Ayish Yasin, cheffe du bureau pour les femmes et les enfants au sein du gouvernement régional, a notamment déclaré à l'AFP que "200 corps de civils ont été retrouvés (...) et plus de 48 sont toujours portés disparus". "Sur les 200 corps, 107 sont des enfants", a-t-elle ajouté.
Selon Mme Ayish, il s'agit de civils qui ont été tués par des tirs d'artillerie et enterrés immédiatement.
- Accès humanitaire -
Selon les responsables du gouvernement local, cette attaque prouve la volonté belliciste du TPLF et son mépris pour la situation humanitaire catastrophique dans le nord de l'Ethiopie.
Le porte-parole du TPLF, Getachew Reda, a déclaré sur Twitter que les troupes gouvernementales avaient "lancé une offensive le 5 août contre (ses) forces à Galicoma". Le TPLF "travaillera avec les organes compétents pour enquêter sur tout incident", a-t-il ajouté.
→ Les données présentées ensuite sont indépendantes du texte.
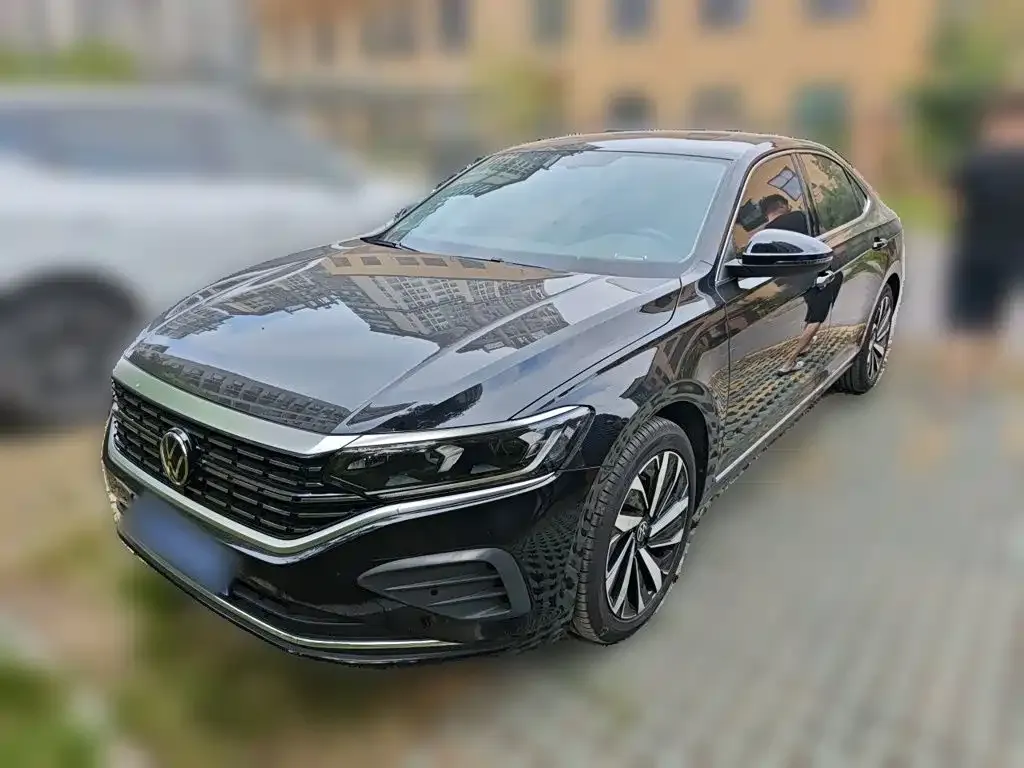 Volkswagen Passat — фото 1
L'aide humanitaire peine toujours à arriver dans la région.
Environ 400.000 personnes vivent dans des conditions de famine au Tigré, selon l'ONU. Lundi, le Programme alimentaire mondial (PAM) a estimé que 300.000 personnes étaient confrontées à des "niveaux d'urgence" alimentaire en Afar et Amhara.
Le Haut commissariat aux réfugiés (HCR) de l'ONU a annoncé mardi avoir pu accéder pour la première fois depuis le 13 juillet aux camps de Mai Aini et Adi Harush, qui accueillent des réfugiés érythréens au Tigré.
Mais cet accès "demeure limité du fait de la situation sécuritaire complexe et instable", a affirmé le porte-parole du HCR Boris Cheshirkov.
"Les services essentiels tels que les soins de santé ne sont toujours pas assurés et l'eau potable se raréfie", a-t-il ajouté, en appelant une nouvelle fois à un "passage sûr" pour les convois humanitaires.
Le TPLF répète régulièrement qu'il ne souhaite pas s'emparer de territoires en Amhara et en Afar, mais qu'il veut faciliter l'accès pour l'aide humanitaire dans la région et éviter que les forces pro-gouvernementales ne se regroupent.